The HaikuDepot desktop application is the means by which many Haiku users learn about and install packages for the Haiku system. Behind the scenes, coordinating data for the desktop application is a server component called HaikuDepotServer (HDS). HDS communicates with the desktop application using HTTP requests.

The HDS server is a Java / SpringBoot application built to a container image that then runs on a Kubernetes deployment system. As part of its operation, HDS needs to frequently perform graphics operations such as;

• Render icons in Haiku’s bespoke HVIF icon format into .png bitmaps so they can be viewed in a browser.
• Optimizing uploaded .png screenshots
• Scaling .png screenshots

In the past these graphics operations have typically occurred in the same execution environment as the Java process running HDS. Some of the graphics operations were undertaken using Java libraries within the same virtual machine as the application server whereas others were undertaken by invoking native executables running in the same environment as the HDS application server.

Problems

This arrangement for undertaking graphics operations presented a few problems.

• The hvif2png tool renders the HVIF icons files. I wrote this tool some years ago and, it is an artefact produced from Haiku’s jam-based build process. This means the tool has to be built before it can be included in the HDS container image. Owing to the complexities around building that and the Java software, the hvif2png tool was packages as pre-build binaries and then bundled into the HDS container image. This posed challenges around updating the tool and the steps related to its packaging.
• The needs of the tools’ execution has meant that a fatter deployable container image has been required for HDS to accommodate them.
• Should one of the graphics tools experience a safety issue such as security vulnerability, a memory leak or a run-away resource consumption situation then the impact will flow over into the HDS application server running in the same execution environment.
• The compute or I/O requirements of the graphics tools may be quite different to the HDS application.
• The graphics library that was used in HDS was no longer actively supported.

Solution

The graphics operations have been separated into another container image with its own small Java / SpringBoot server to mediate inbound graphics requests to and from the tools. Sometimes the tools need to be used in coordination with each other which is also managed by the Java software.

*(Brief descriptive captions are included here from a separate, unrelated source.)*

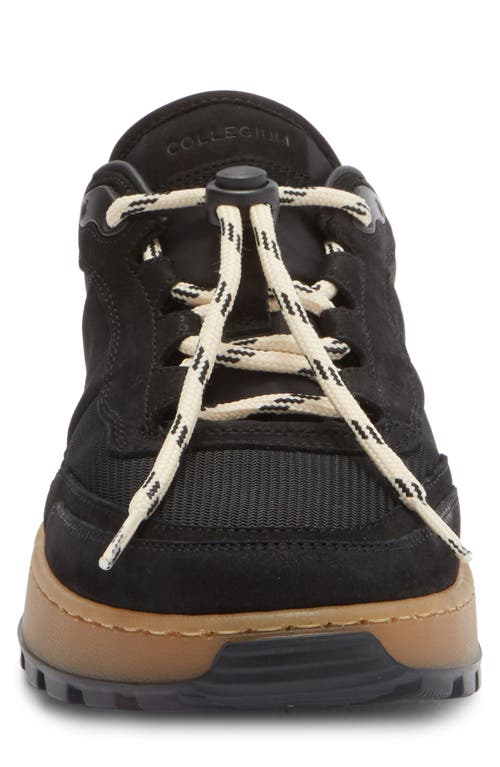 Collegium Pillar Trail Sneaker In Black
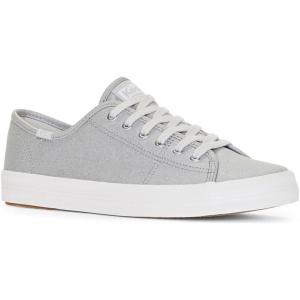 image:imageKeds Womens Kickstart Lace Up SneakerSilver Metallic Canvas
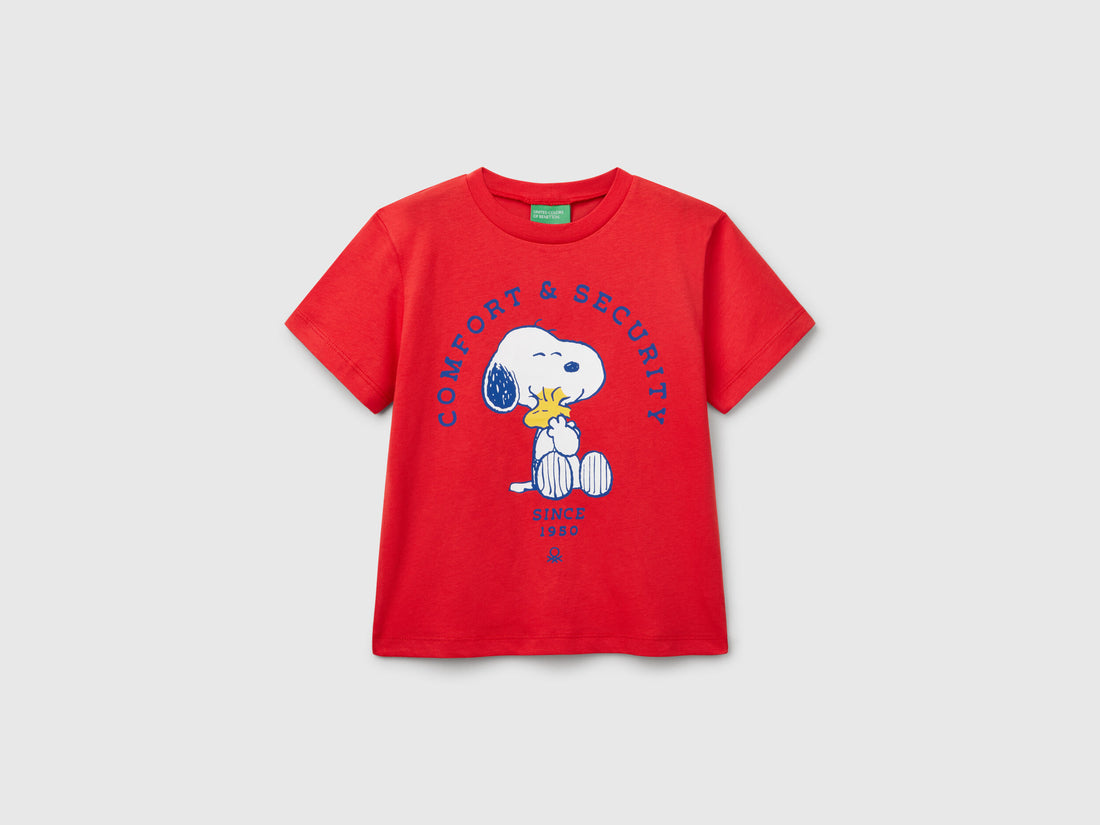 Benetton_T-Shirt with Snoopy ©Peanuts Print_3X1SG10IB_19Q_01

The graphics support services’ container image is built using a multi-stage Docker build system that assembles and builds the hvif2png tool from master of the Haiku source. The remaining tools are native and are either downloaded as part of the Docker container build or are installed via operating system packages as part of the container build. The graphics operations are no longer occurring in the Java virtual machine.

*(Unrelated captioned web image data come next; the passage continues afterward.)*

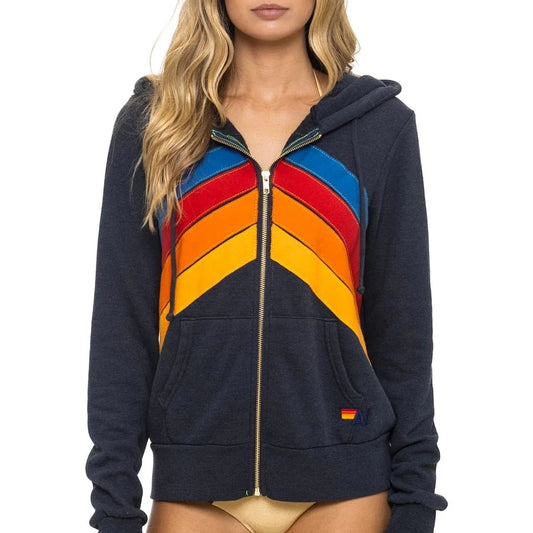 Mountain Stitch Chevron - Charcoal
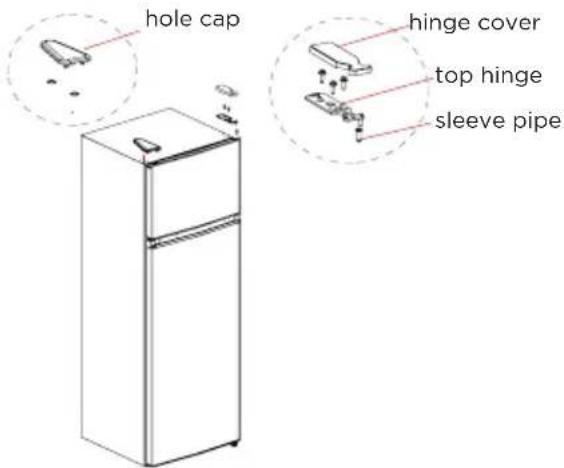 hole cap, hinge cover, top hinge, sleeve pipe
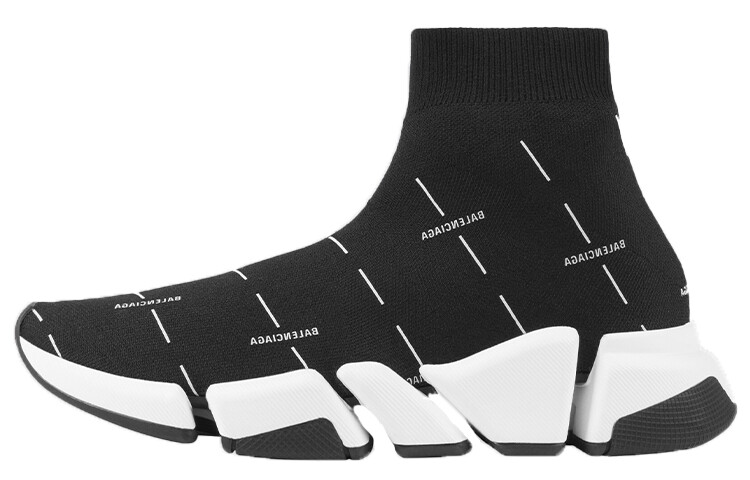 Кроссовки Balenciaga Speed 2.0 Lifestyle Female, черный/белый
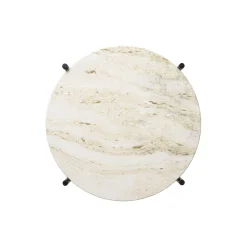 TS Side Table Round, neutral white/black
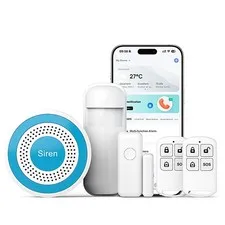 Home Security System with Smart Life or Tuya Instant App Alerts and Instant A...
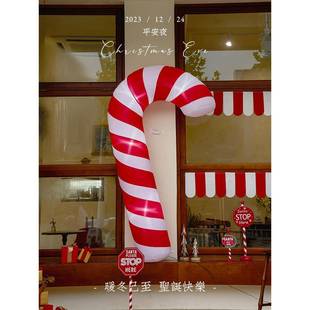 圣充诞节饰品506气爬墙圣诞老挂件装 耶诞门头氛围挂饰人场景布置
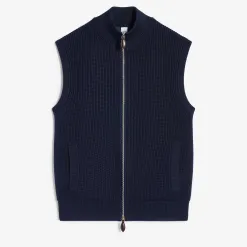 Berluti Gilet C&ocirc;tes Anglaises En Coton Soie | Maille & Sweatshirts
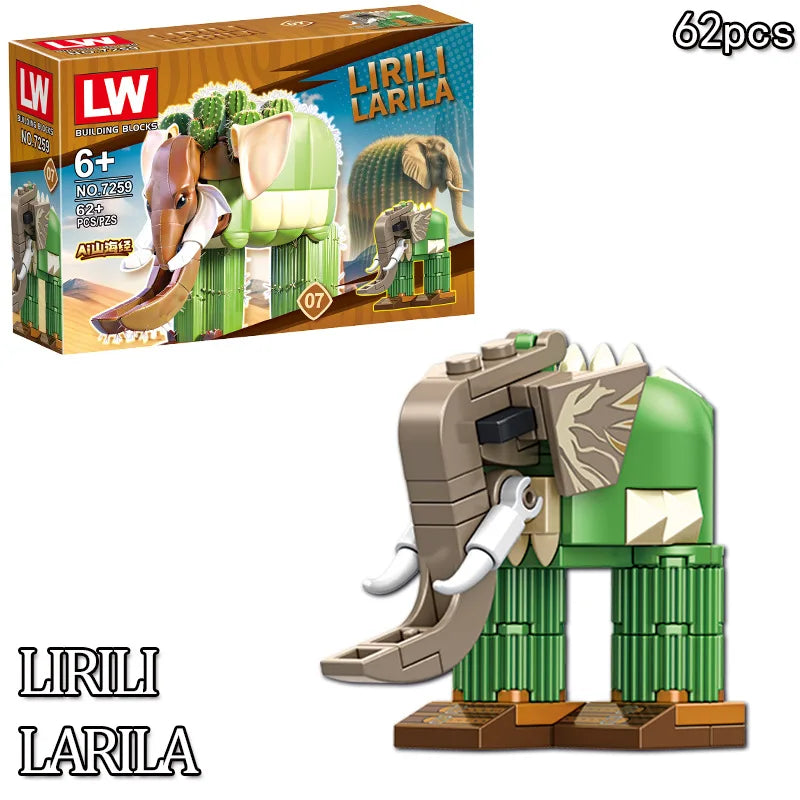 Italian Brainrot Animals Tung Tung Tung Sahur Building Blocks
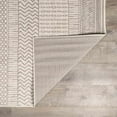 thumbnail image 4 of Hauteloom Lascassas Living Room, Bedroom Area Rug - Bohemian, Transitional - Medium Gray, Charcoal, Off White - 6'7" x 9', 4 of 10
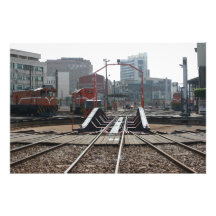 Turntable at Changhua Roundhouse, Taiwan Photo Print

• The hvif2png tool’s build is no longer tied to the HDS application server and the tool is built as the graphics servers’ container is built.
• The tools and their dependencies are no longer required to be included in the HDS application server container image.
• If a tool experiences an operational issue, the impact is more likely to be constrained to the graphics server’s execution environment.
• The compute and I/O requirements of the application server can scale independently of the graphics server.
• The older graphics library used in HDS is no longer used.

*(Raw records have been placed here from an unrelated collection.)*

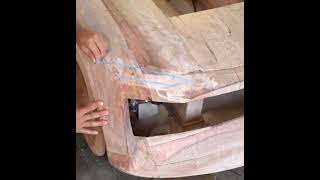 Builds Audi Skysphere woodcar wood woodcarving 28 [upl. by Memberg978]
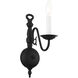 Williamsburg 1 Light 4 inch Black Sconce Wall Light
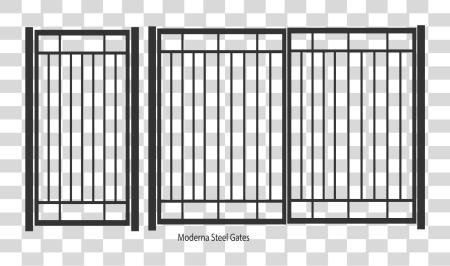 Download Gates diseño Modern acero Gate PNG file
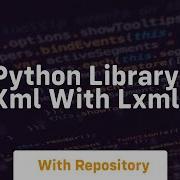 Python Library Xml With Lxml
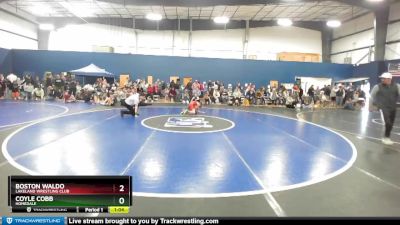 75 lbs Cons. Semi - Boston Waldo, Lakeland Wrestling Club vs Coyle Cobb, Homedale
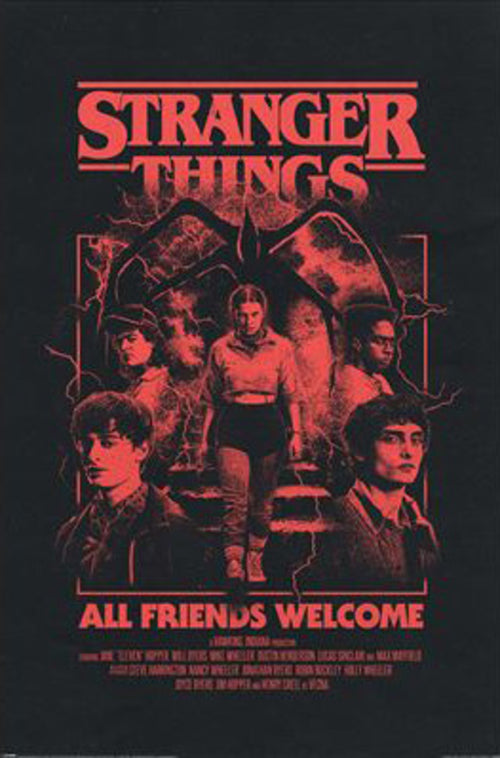 Poster Stranger Things 5 All Friends Welcome 61x91 5cm PP2500890 | Yourdecoration.fr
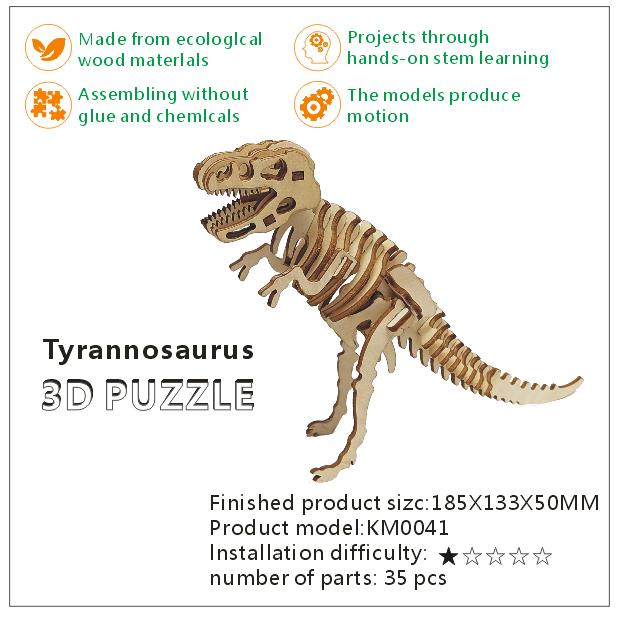 

Dinosaurs 3D Wooden Puzzles For Adults And Teens Diy Model Building Kits Construction Handmade Craft Unique Gift Christmas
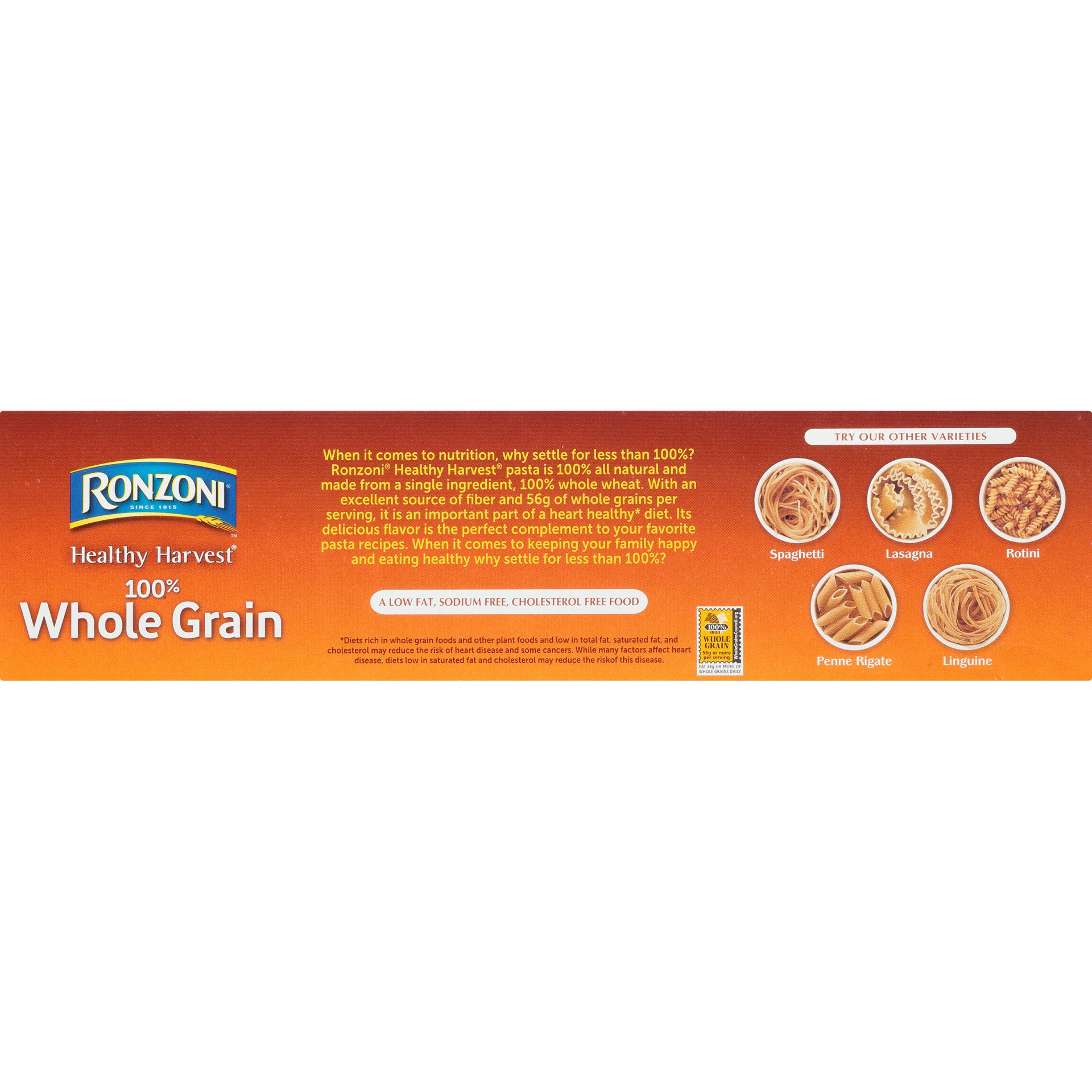 slide 5 of 8, Ronzoni Healthy Harvest 100 Whole Grain Thin Spaghetti, 16 oz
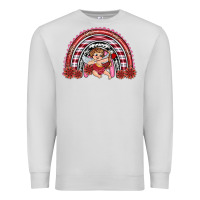Dove Grey valentine's day cupid rainbow Premium Sweatshirt - RanaPortraitStore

The new system has been deployed and the production HDS application now off-loads the graphics operations to the graphics server.

Graphics tools

The hvif2png tool is, as mentioned, custom. The remaining tools are standard. Aside from icons, HDS is processing PNG format images. The tool convert from ImageMagick is used to scale images down and the tool optipng is used to optimize images before they are stored.

Quantizing

Some investigation was undertaken on quantizing images as well, but ultimately it was decided not to use quantization because it would necessarily degrade the images.

As an example of quantization in action, the following cropped screenshot image is 73Kb in size;

When this image is quantized using pngquant, the size comes down to 39Kb which is a saving of around 47%. The resulting image is impressively close to the original;

As is typical for quantized images, differences can be seen around gradated fills.

Future

At the current time, in the interest of convenience and ease of deployment, HDS stores packages’ screenshot images in a relational database as BLOBs. Looking forward to the future, should demand grow, it may prove more practical to store those screenshot images into a dedicated blob storage system that is more tuned toward binary data. Generating scaled images on-demand may also prove impractical at some point and at this time, pre-generated scaled images could also be persisted to dedicated blob storage as well.

Given the nature of the project, the small audience and the limited man-hours available to build and maintain the system, this simple approach is more than sufficient for the foreseeable future.